Kalau kenaikan harga bahan baku, misalnya karena dolar naik, itu pasti berpengaruh pada biaya. Tapi untuk pembeli, tidak terlalu berpengaruh karena kebanyakan mereka dari kelas premium yang tidak terlalu sensitif dengan harga. Jadi, masalah utama kami benar-benar bukan di pasar atau ekonomi. Krisis kami murni bersifat internal, yaitu soal kelangsungan hidup para pembatik dan keahlian mereka.

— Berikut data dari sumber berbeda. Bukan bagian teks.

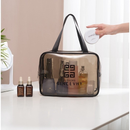 Bolsa De PVC Transparente Para Cosméticos Impermeável Portátil De Média Capacidade Viagem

Dengan semua kondisi ini, bagaimana Anda melihat masa depan bisnis ini? Apakah Anda menyerah?
Saya tidak berani bicara soal lima tahun ke depan. Kelangsungan bisnis ini bukan hanya bergantung pada kesehatan saya, tapi juga pada para pembatik yang tersisa. Kami punya candaan, "Kita lihat Tuhan cinta sama siapa dulu." Kalau Tuhan panggil saya lebih dulu, ya berarti semua ini selesai.
Saya tidak menyerah, tapi saya kembalikan kepada semesta. Kalau semesta mengatakan tahun depan sudah tidak ada, ya sudah. Saya hanya bisa berkomitmen pada apa yang sudah saya ambil dan melakukan yang terbaik yang saya bisa, selama kami semua masih diberi waktu.